The copy must hold exactly the lines from the one with "Stella McCartney Stylish" through the end of the listing below, and nothing else, with no pictures.

/---

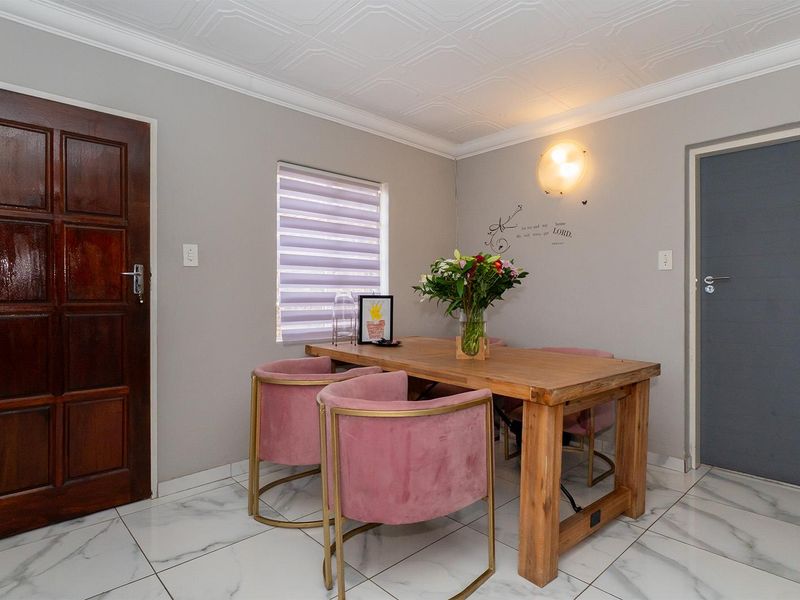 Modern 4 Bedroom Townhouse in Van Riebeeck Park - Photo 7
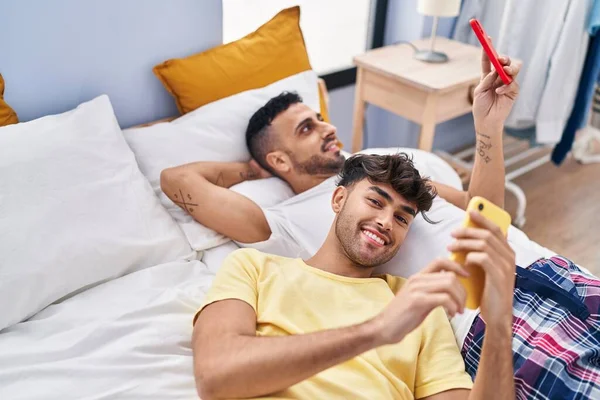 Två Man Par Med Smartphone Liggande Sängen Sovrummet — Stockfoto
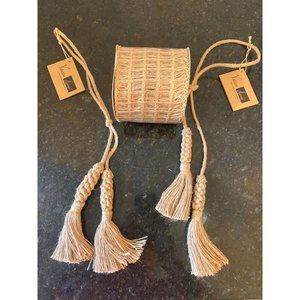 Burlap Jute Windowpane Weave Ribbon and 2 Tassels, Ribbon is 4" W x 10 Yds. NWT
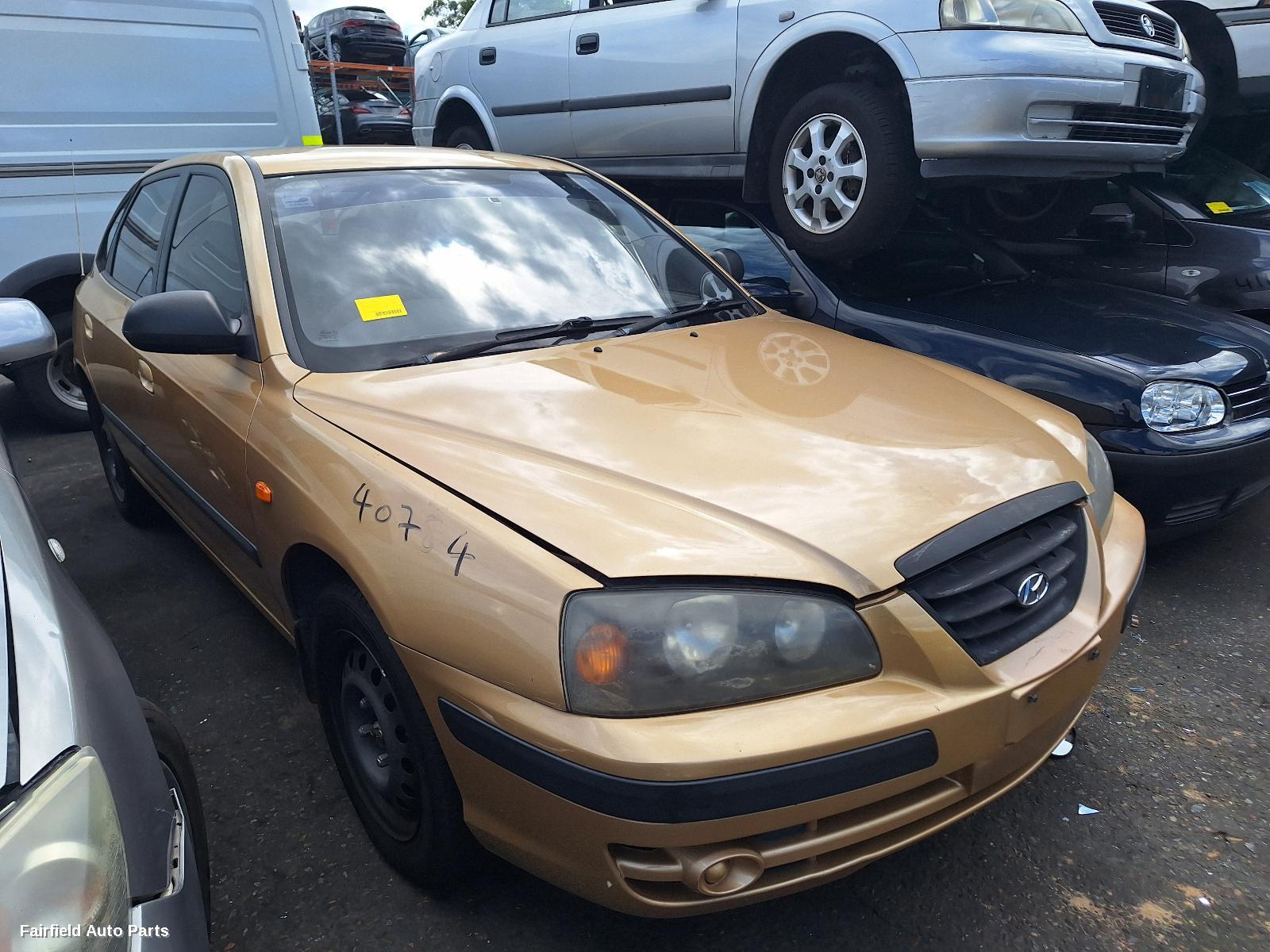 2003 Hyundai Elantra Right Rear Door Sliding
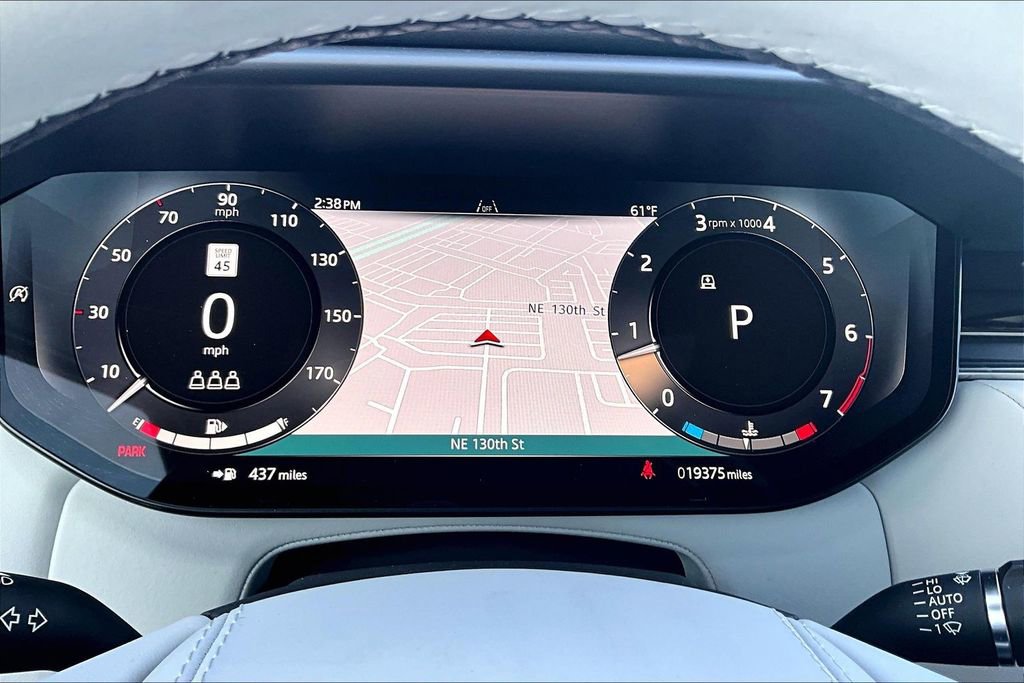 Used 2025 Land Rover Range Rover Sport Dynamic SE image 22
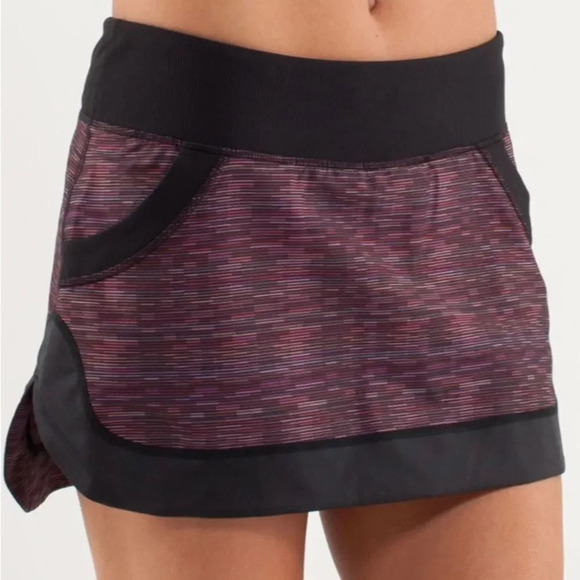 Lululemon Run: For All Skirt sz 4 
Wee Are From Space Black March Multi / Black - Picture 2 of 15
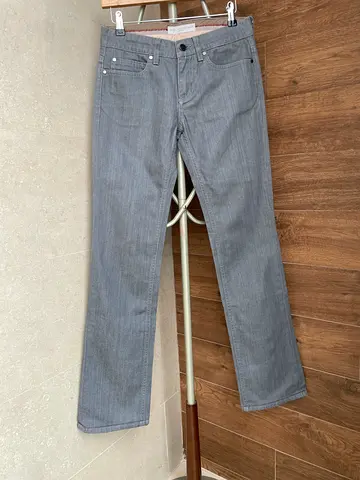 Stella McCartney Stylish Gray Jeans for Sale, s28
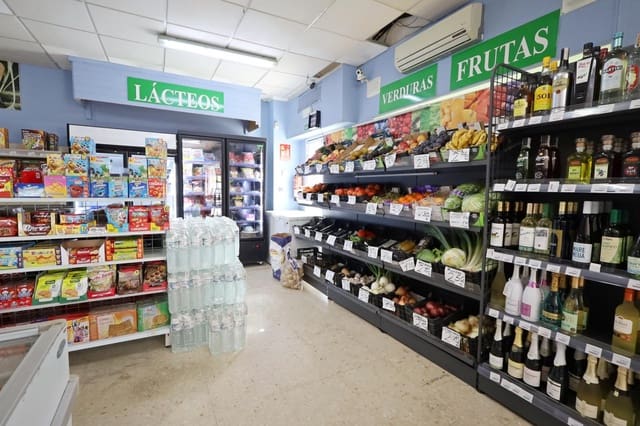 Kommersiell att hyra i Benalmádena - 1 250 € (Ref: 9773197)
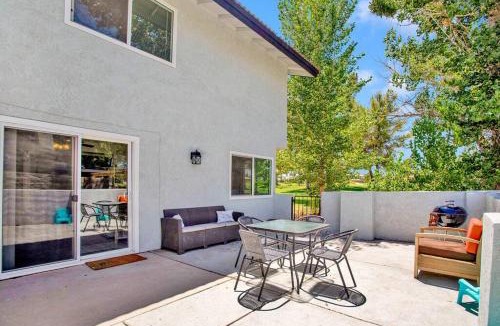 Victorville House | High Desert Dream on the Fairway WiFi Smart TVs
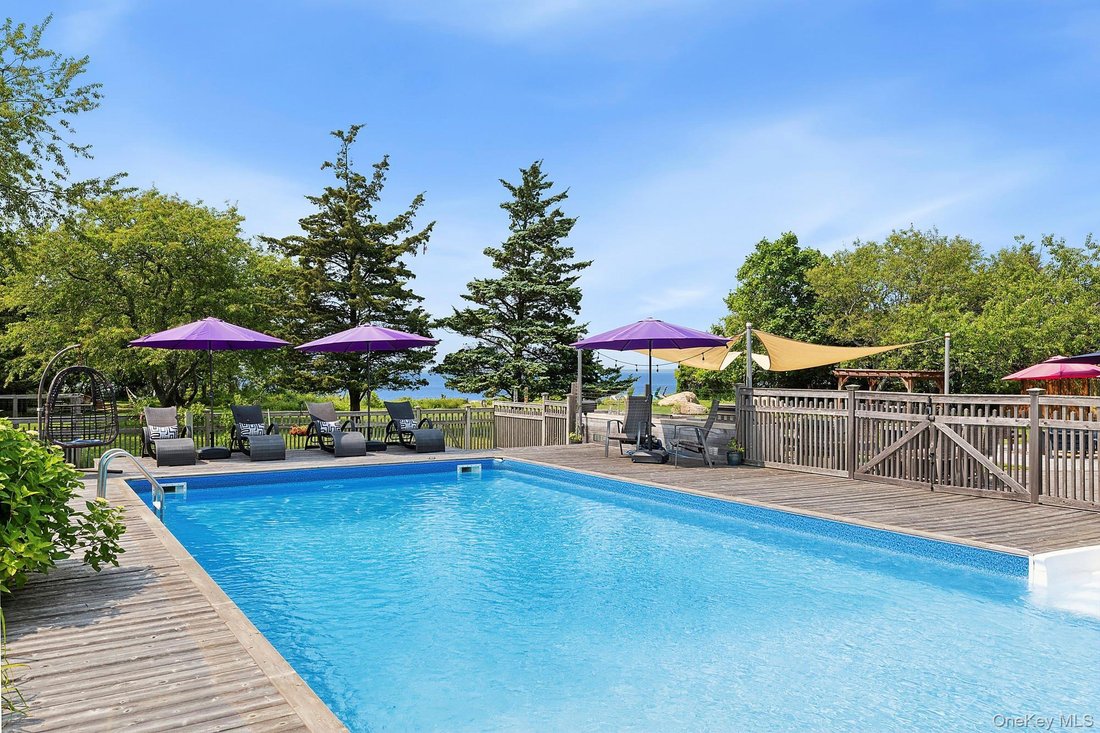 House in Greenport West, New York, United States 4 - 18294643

\---

◆ **RESPONSE AREA**
 Stella McCartney Stylish Gray Jeans for Sale, s28
 Kommersiell att hyra i Benalmádena - 1 250 € (Ref: 9773197)
 Victorville House | High Desert Dream on the Fairway WiFi Smart TVs
 House in Greenport West, New York, United States 4 - 18294643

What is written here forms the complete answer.